■ Goal of the exercise: Pictures stay out; everything else in the listing below is to be restated word for word.

■ Collected material:
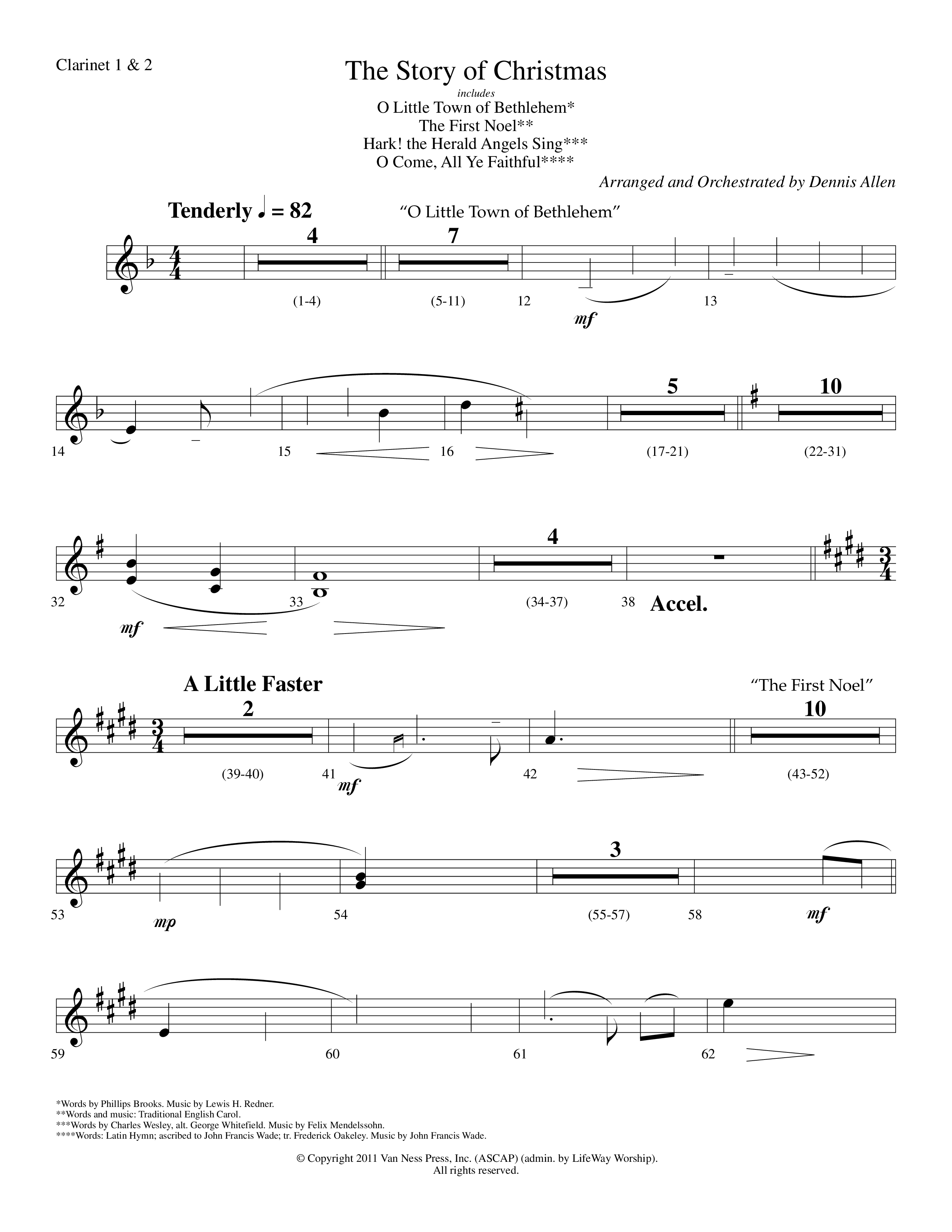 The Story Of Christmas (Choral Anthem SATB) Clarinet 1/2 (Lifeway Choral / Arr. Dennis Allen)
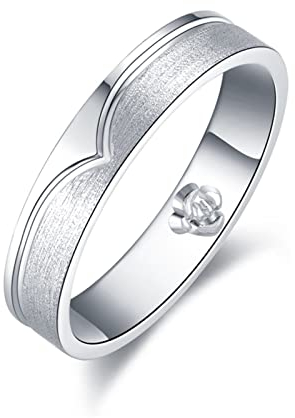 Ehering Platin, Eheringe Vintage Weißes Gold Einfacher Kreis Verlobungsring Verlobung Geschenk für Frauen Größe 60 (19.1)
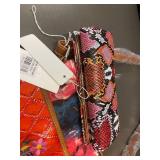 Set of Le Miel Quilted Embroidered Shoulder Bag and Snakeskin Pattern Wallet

■ Expected answer:
 The Story Of Christmas (Choral Anthem SATB) Clarinet 1/2 (Lifeway Choral / Arr. Dennis Allen)
 Ehering Platin, Eheringe Vintage Weißes Gold Einfacher Kreis Verlobungsring Verlobung Geschenk für Frauen Größe 60 (19.1)
 Set of Le Miel Quilted Embroidered Shoulder Bag and Snakeskin Pattern Wallet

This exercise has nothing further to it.